Oaks (2021) discusses the problem of prescriptivism vs. descriptivism in linguistics. He rejects the claim made by Trask (1999, 47-8) that modern linguists utterly reject prescriptivism, and instead base their investigations on descriptivism (except in certain educational contexts). Trask also claimed (ibid.) that prescriptivism, in great contrast to descriptivism, is not a scientific approach. Oaks (2021, 4), however pointed out that prescriptivism exists, for example, in the work of lexicographers and even descriptive grammarians. He also mentions several problems in considering this dichotomy, citing Greenbaum (1986, 192), that the “the dichotomy is not valid for another reason: a descriptive grammar embodies value judgments” and citing Bruthiaux (1992, 225) that “the paradox of descriptive linguistics, namely that the problem of describing a language without providing a standard has yet to be solved”.

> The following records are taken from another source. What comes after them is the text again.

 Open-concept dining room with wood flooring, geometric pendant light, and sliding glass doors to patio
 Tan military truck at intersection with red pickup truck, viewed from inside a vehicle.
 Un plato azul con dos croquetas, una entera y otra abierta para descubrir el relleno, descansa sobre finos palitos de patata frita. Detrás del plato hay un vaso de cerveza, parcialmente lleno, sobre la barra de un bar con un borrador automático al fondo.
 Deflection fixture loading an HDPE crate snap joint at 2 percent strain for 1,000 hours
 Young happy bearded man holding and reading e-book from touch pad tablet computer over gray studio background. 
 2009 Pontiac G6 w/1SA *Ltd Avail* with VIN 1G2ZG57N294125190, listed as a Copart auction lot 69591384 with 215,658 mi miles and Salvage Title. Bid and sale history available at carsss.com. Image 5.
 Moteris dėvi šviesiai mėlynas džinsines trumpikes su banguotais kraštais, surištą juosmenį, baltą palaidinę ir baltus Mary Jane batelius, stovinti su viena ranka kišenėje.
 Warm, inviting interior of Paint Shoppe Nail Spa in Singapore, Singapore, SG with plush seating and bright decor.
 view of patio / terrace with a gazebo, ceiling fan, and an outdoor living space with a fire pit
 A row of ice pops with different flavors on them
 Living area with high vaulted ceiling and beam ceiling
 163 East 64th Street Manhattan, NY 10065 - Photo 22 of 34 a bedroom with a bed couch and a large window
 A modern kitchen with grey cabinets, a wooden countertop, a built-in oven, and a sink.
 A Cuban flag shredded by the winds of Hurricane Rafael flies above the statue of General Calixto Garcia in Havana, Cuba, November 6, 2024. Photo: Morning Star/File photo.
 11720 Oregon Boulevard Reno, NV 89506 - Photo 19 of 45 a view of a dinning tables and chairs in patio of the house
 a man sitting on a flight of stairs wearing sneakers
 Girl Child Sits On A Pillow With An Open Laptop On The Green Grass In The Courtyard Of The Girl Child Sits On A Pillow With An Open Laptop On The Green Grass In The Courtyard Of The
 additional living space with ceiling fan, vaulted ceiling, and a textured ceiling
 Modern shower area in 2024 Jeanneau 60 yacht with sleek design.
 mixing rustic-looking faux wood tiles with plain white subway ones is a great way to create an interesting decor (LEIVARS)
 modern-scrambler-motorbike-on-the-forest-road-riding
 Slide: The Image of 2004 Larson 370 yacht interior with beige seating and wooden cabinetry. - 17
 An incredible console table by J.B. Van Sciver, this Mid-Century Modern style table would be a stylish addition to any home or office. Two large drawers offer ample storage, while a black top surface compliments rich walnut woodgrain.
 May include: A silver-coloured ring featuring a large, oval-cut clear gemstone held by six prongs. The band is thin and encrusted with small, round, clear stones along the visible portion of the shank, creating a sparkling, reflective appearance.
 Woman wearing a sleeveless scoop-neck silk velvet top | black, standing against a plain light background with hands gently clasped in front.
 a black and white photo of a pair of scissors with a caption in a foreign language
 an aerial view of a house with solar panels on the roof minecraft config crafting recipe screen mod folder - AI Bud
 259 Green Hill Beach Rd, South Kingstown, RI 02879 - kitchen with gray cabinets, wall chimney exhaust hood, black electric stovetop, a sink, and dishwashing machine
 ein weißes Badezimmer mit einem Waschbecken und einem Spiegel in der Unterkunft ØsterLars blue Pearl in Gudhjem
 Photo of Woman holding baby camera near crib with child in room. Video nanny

This dichotomy in terminology reminds us about the distinction between “natural classifications” and “artificial classifications” in KO. As terminology also classify concepts, this distinction is also relevant in this field, and puts the issue of prescriptivism and descriptivism in a new light because it constitutes an alternative: neither prescriptivism nor descriptivism corresponds to a natural classification. Terminology should be evaluated according to whether the terms reflect contemporary theory and knowledge, so the problem of descriptive or prescriptive terminology corresponds to the problem of controlled vocabulary (CV) in KO (see Rowley 1994 for a review). There is no overall answer about the relative benefits of controlled vocabulary compared to “natural language” [16], but specific CVs may serve in valuable ways depending on specific contexts and the same may be the case of a prescriptive vocabulary. The most important task is, in all cases, to examine a given terminology in relation to the current state of knowledge in a given domain.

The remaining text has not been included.